250 greatest recordings of all time: chosen by 35 of the world's leading musicians | Gramophone
This is a curious list. Gramophone has asked musicians to select the greatest records. My first surprise was how relatively few recent recordings there are. I wonder whether musicians are reluctant to nominate records by their peers for fear of upsetting those that they don't choose! And then, what an extraordinarily unbalanced list it is: Beethoven (quite rightly!) comes out top with about 20 choices closely followed by Bach and then Mozart and Schubert, but Handel and Haydn have just one each while Mahler has 11. A couple of Purcell recordings are included, but Monteverdi is not mentioned at all.
The introductory text by Rob Cowan is interesting.
Thinking of the thread about singers and national characteristics and preferences (and the earlier brief discussion in the Primephonic forum), I was glad to see a couple of Janet Baker's recordings with Barbirolli included (Dream of Gerontius and the record of Mahler songs).
That’s an interesting (and useful) list compiled by an impressive jury. But I wonder what the methodology was because, as you say, the list has curious imbalances. Richard Strauss gets half a dozen entries, but it’s bizarre that Haydn and Handel get only one each.
On the preponderance of older recordings, I’ve sometimes seen musicians state that they are reluctant to comment, either positively or negatively, on the recordings or concert performances of their colleagues. So I guess you’re right: it’s safer for all sorts of reasons to recommend the recordings of musicians that are no longer with us.
If that’s true, though, it creates an unfortunate bias in the list. My sense is that recordings are actually getting better and better (on average). Subject matter for a new topic?
Imbalances apart, are there entries on the list that surprise you?
are there entries on the list that surprise you?
I don't know many of the recordings; I didn't spot any surprises among those that I do know.
There are numerous multiple listings of the same work. Several of them may well be justified but do we need three recordings of the Trout Quintet?!
Back in 1995/6 Gramophone published a list of the "Top 100 best classical music recordings of all time" (or some such title) which was quite influential in my CD buying days. The list is shown in the bottom of this thread
Gramophone top 100 (google.com)
Another list from 2005 is discussed here
"The 100 Greatest Recordings" (GRAMOPHONE) (narkive.com)
It's interesting to read the comments from an American perspective and they made me realise how UK-biased some of the choices in the Gramophone lists were. By basing the new list on choices by an international panel of musicians hopefully some of that bias has been removed (although Americans might perhaps feel that there is still too much of a European bias ... I don't know.)

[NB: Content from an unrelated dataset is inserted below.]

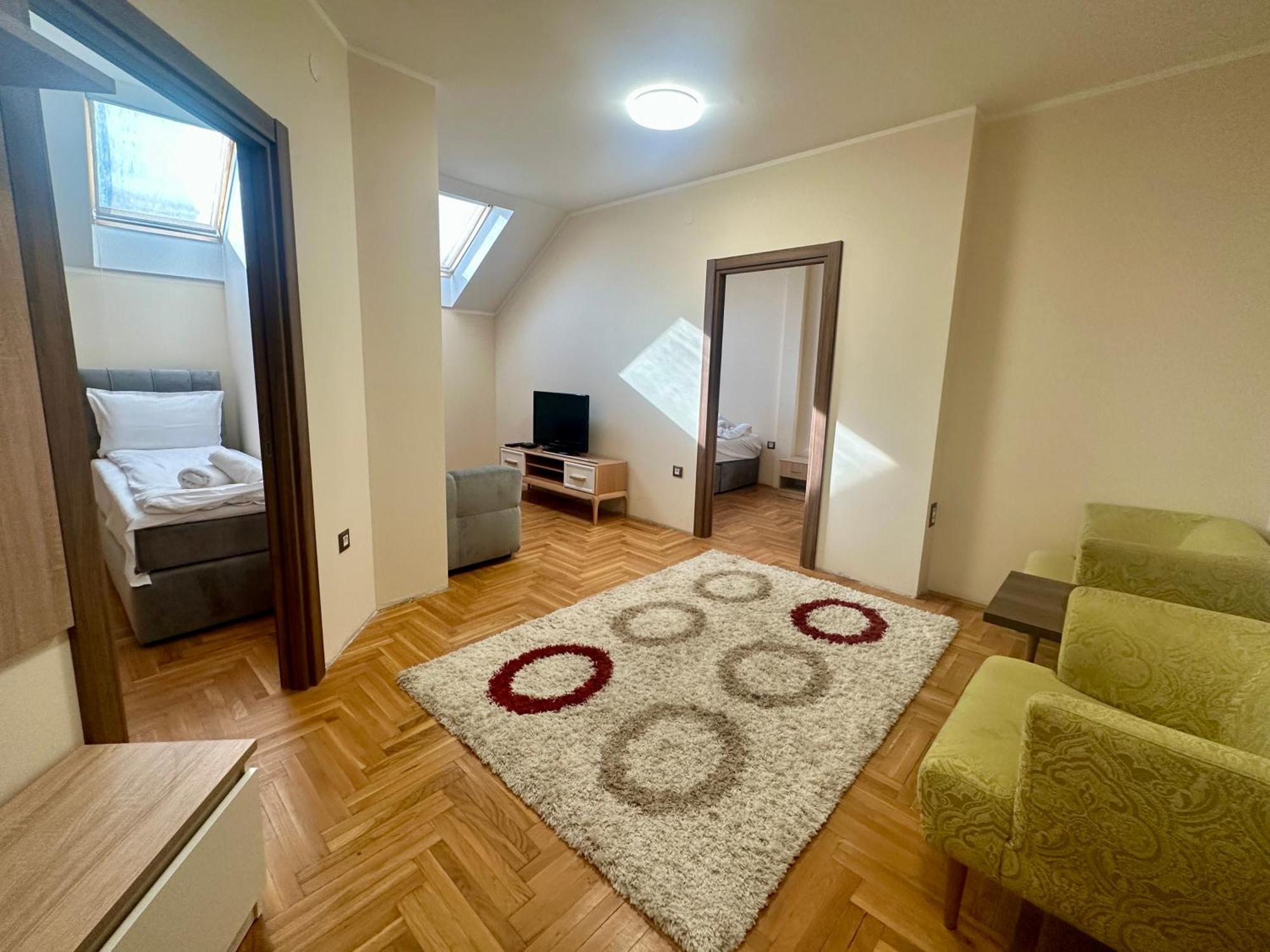 Agape Villa Apartments Novi Sad Buitenkant foto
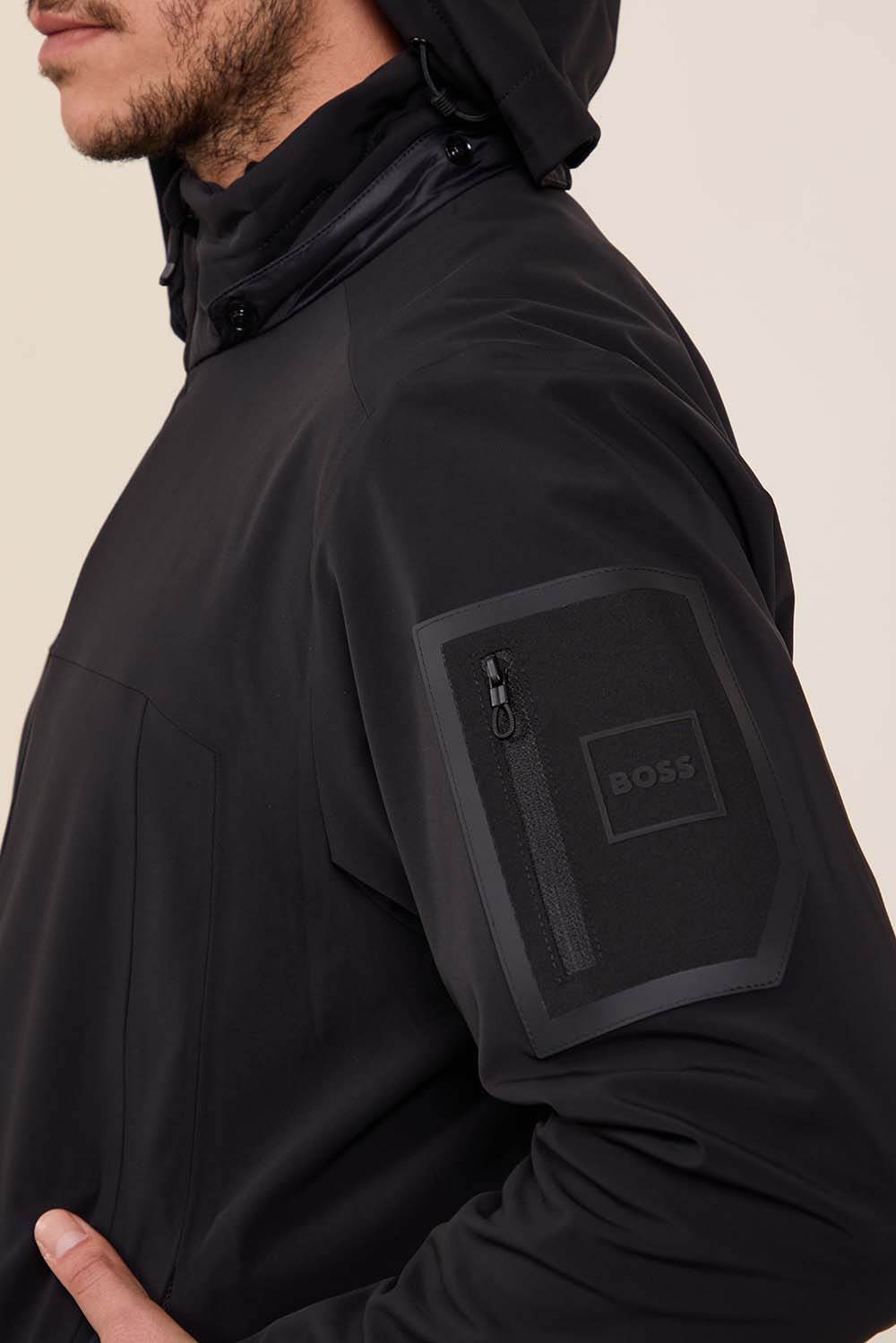 תמונת תקריב דוגמן של ז'קט רוח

Obviously all such lists are to a degree personal, but that hasn't stopped me thinking about what "great" works have been omitted from the Top 250 list. So, forgetting Handel and Haydn for the time being, here goes:
- no Mozart chamber music
- no Fidelio or Missa Solemnis or Diabelli variations
- no Grande Messe des Morts
- none of the Karajan 1950s opera recordings: especially I treasure Falstaff and (parts of) Ariadne auf Naxos
- no Otello either
- perhaps one (or all?) of the Trout Quintets could have made way for piano quintets by Schumann, Franck, Dvorak or Shostakovich
- no Shostakovich 24 Preludes and Fugues
- no War Requiem (or is that too UK-centric?).
No Das Lied von der Erde either.
I find such lists interesting as spurs to discussion about what wasn't included "How could they have left out X!" as well as biases, both individual and systemic. (I myself would suggest that there may be a systemic bias towards older recordings on the grounds that, because they are older, there's been more opportunity for more people to hearthem than say, something recorded in the past five years.)
I also find such lists themselves absurdly arbitrary. I find the idea of a "Top 250" list particularly amusing, because, really, how significant can the difference between #250 ("congrats, you make the cut!") and #251 ("too bad, how sad!) possibly be aesthetically?
The list is about recordings that are outstanding as an interpretation and performance. Recordings that have become the “one” to aspire to its greatness. It is not really about favourite works. Sometimes, the “best” performances are of works that are not central to the cannon. Looking at who the judges are, I am leary of saying I could counter them. They hear many more recordings and live artists than I could dream to hear.